Captioned web images

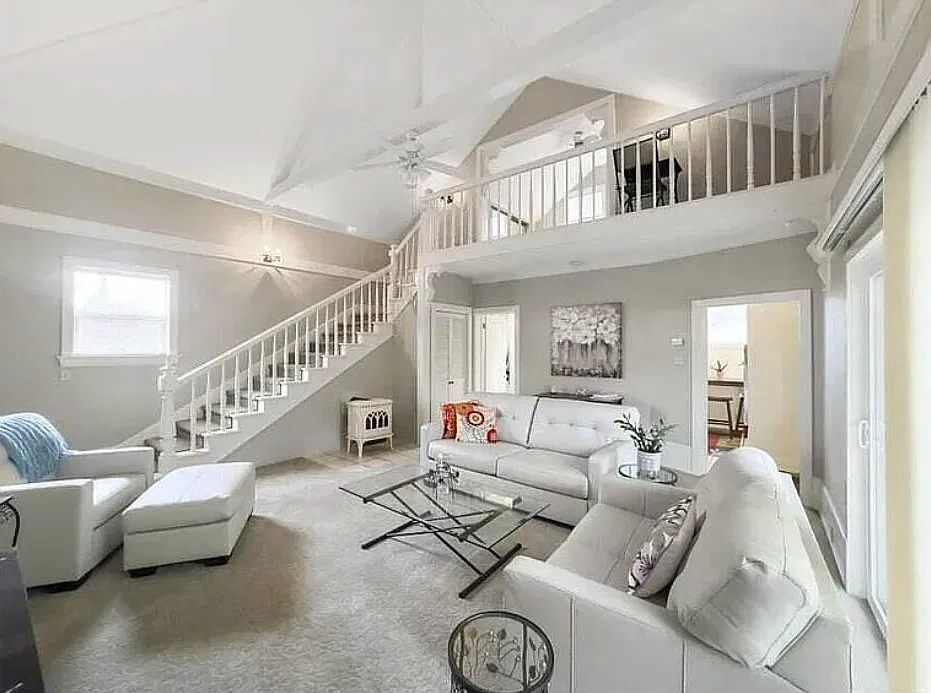 living room showing loft above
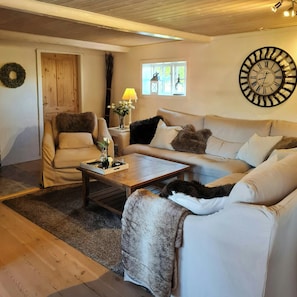 A living room with a wooden floor, a sofa, a chair, a coffee table, a wall clock, and a window with natural light. - Historic farmhouse from 1802 near Øster Hurup (Hadsund)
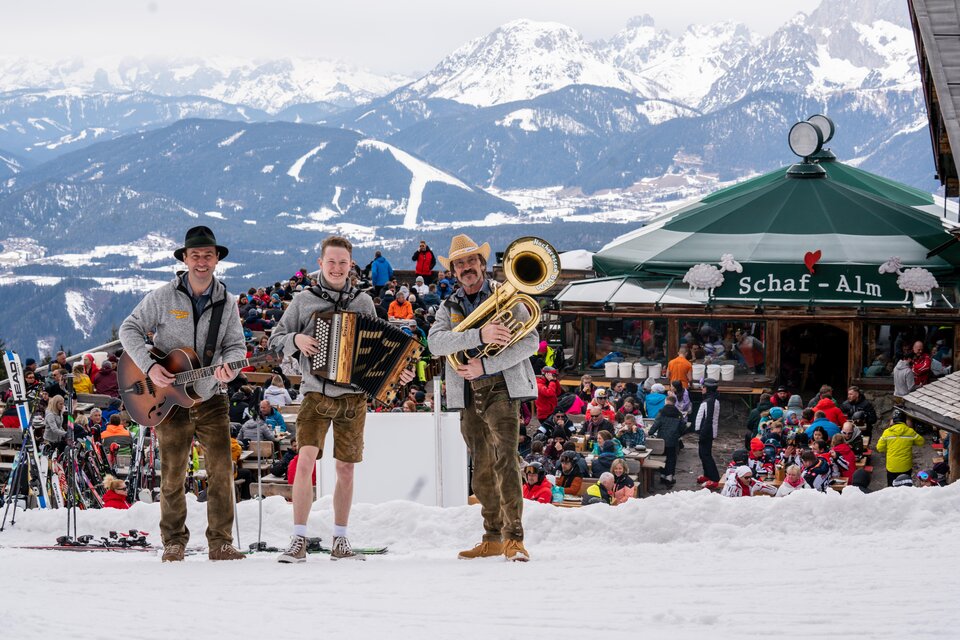 Drei Musiker stehen im Schnee vor einer Berghütte und spielen traditionelle Musik. Im Hintergrund sind viele Menschen und beeindruckende Berge zu sehen. | © „Hochgrössen Buam"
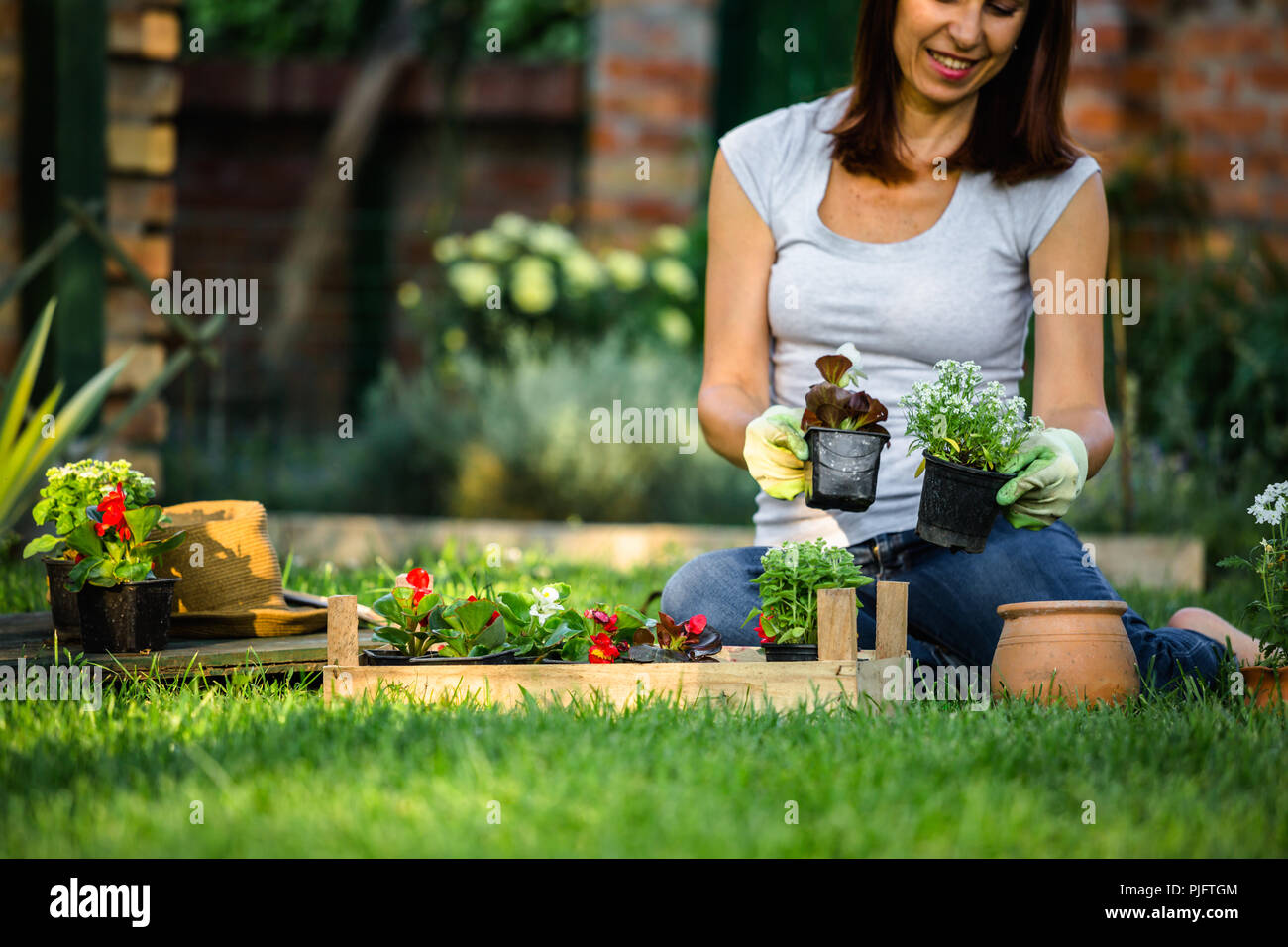 Woman planting flower in her backyard garden Stock Photo - Alamy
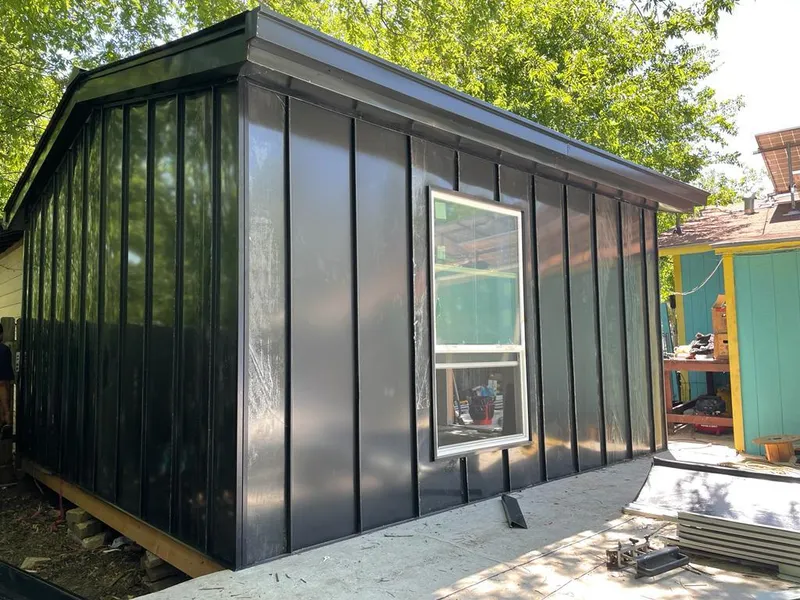 Black standing seam metal wall panels for Roof Inspection in West Haverstraw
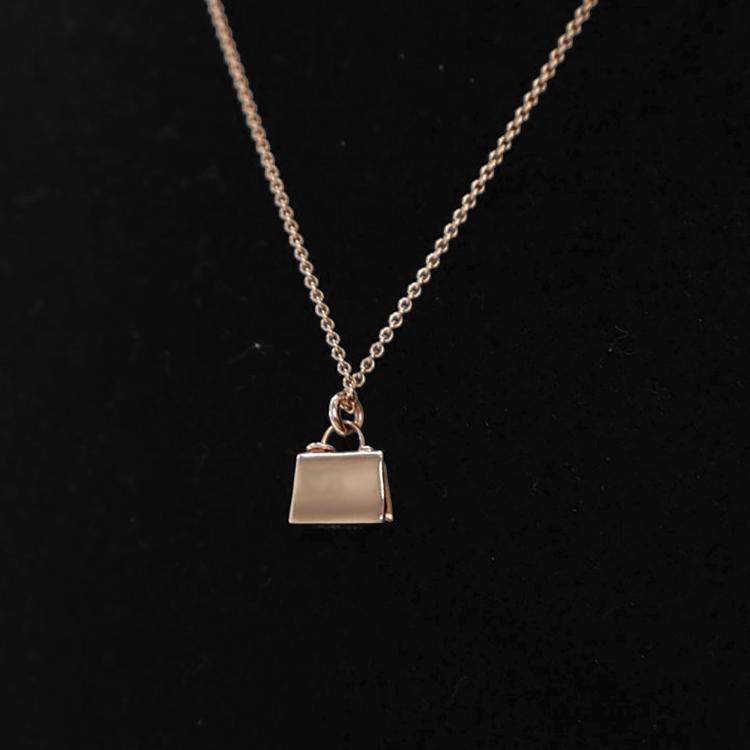 Pre Owned Hermes 18K Rose Gold Amulettes Kelly Pendant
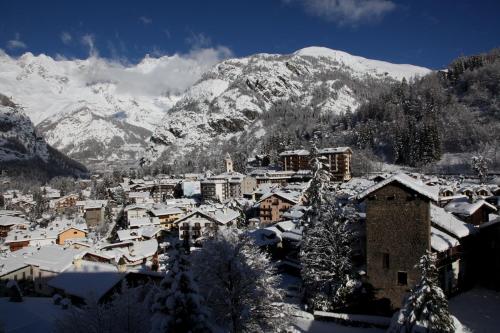 a town covered in snow with mountains in the background at Grand Hotel Royal E Golf in Courmayeur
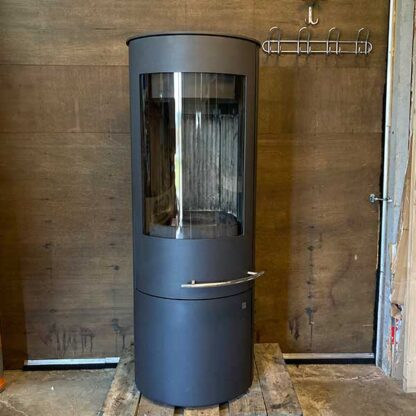 Olsbjerg Tacora Compact gebruikte houtkachel. Hoge ronde haard met gebogen ruit.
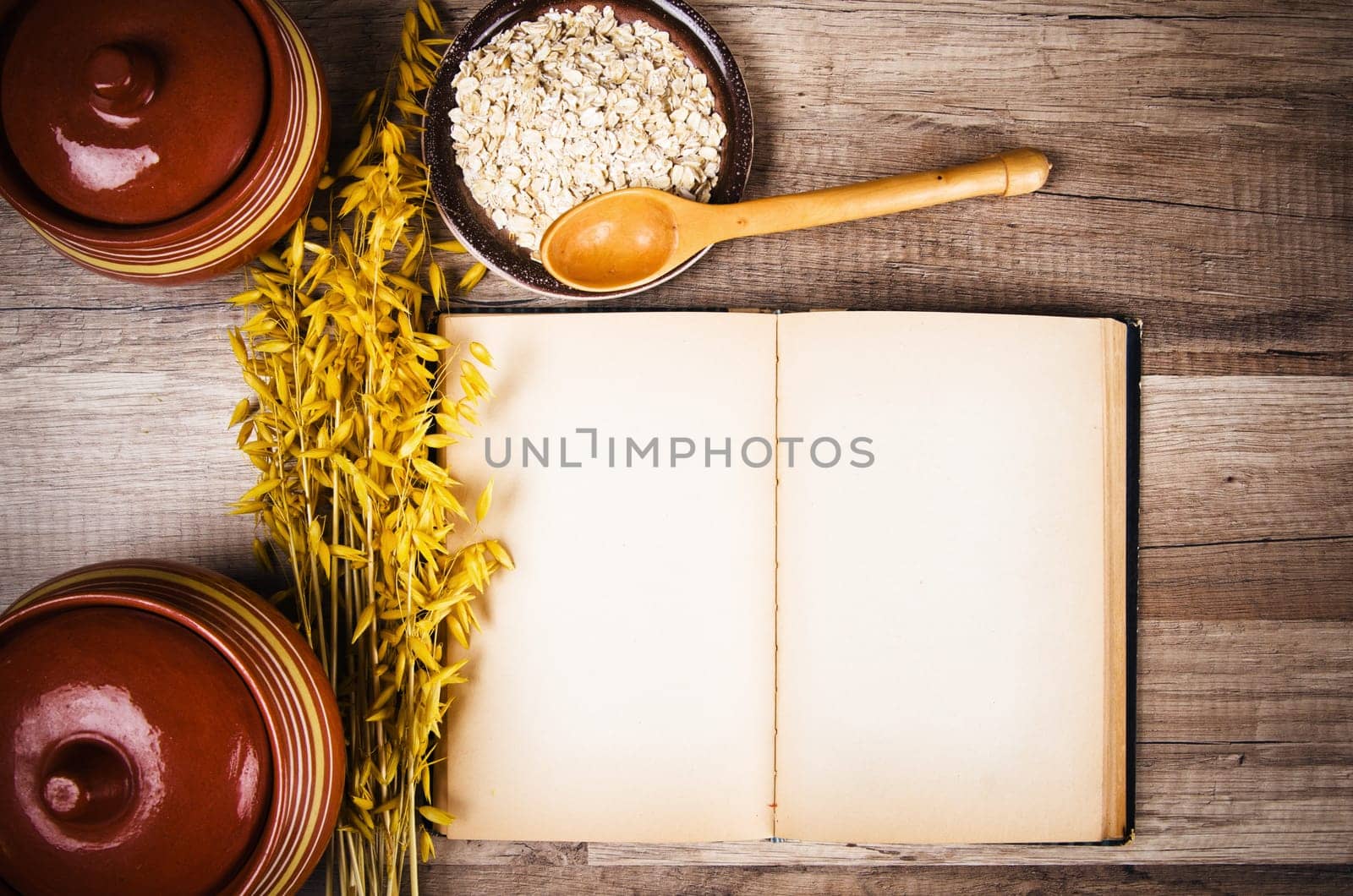 Oatmeal and an old recipe book on the kitchen table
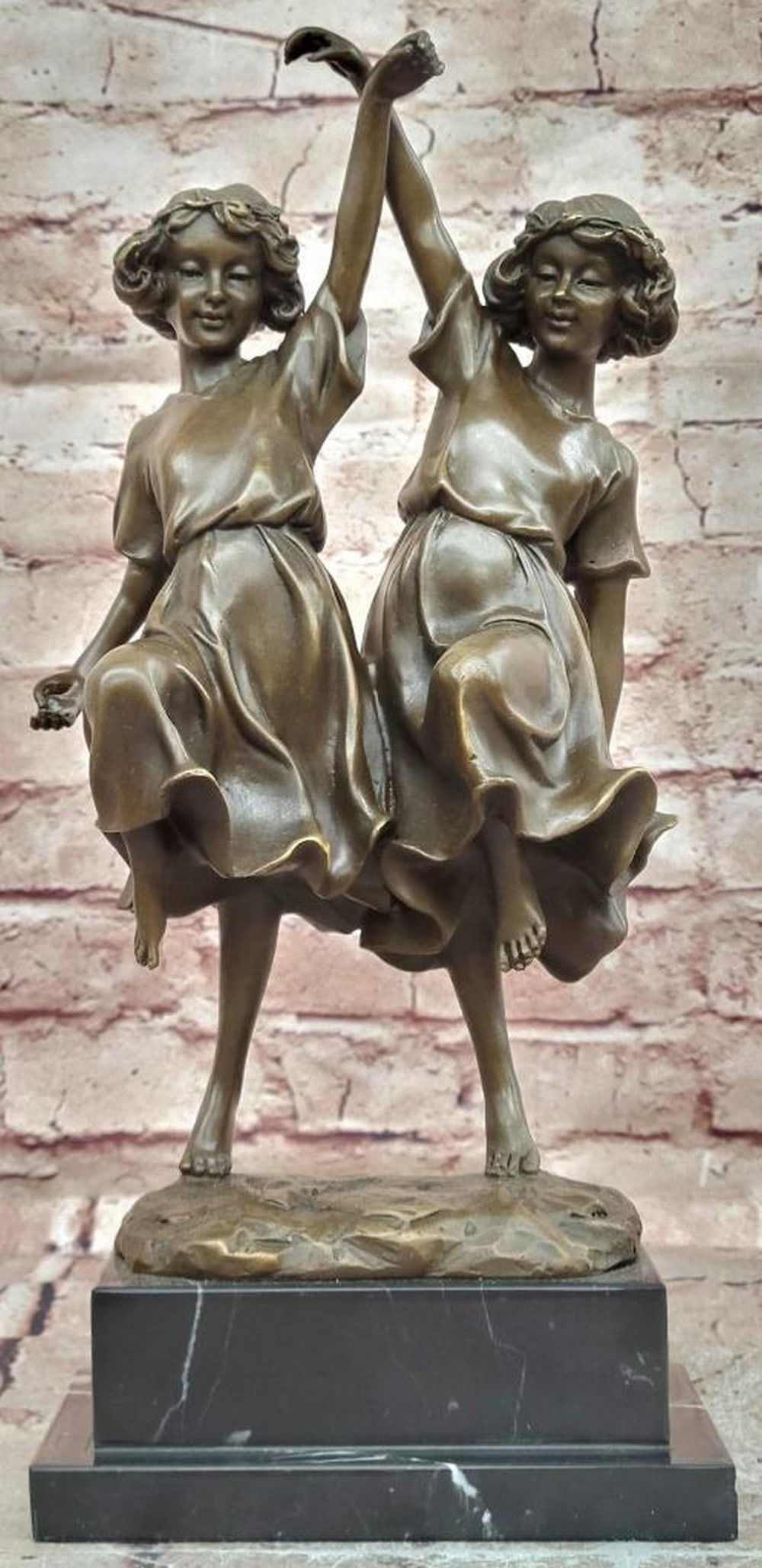 Twin Dancing Girls Bronze Statue - 13.5" x 6": Twin Dancing Girls Bronze Statue - 13.5" x 6" This bronze statue depicts two young dancers posed in synchronized movement, with flowing lines and balanced composition that emphasize grace, rhy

Exercise details
Starting at the line above that holds "Woman planting flower", return each line up to and including the one that holds "Olsbjerg Tacora Compact", exactly as written, minus any pictures.

Exercise result
 Woman planting flower in her backyard garden Stock Photo - Alamy
 Black standing seam metal wall panels for Roof Inspection in West Haverstraw
 Pre Owned Hermes 18K Rose Gold Amulettes Kelly Pendant
 a town covered in snow with mountains in the background at Grand Hotel Royal E Golf in Courmayeur
 Olsbjerg Tacora Compact gebruikte houtkachel. Hoge ronde haard met gebogen ruit.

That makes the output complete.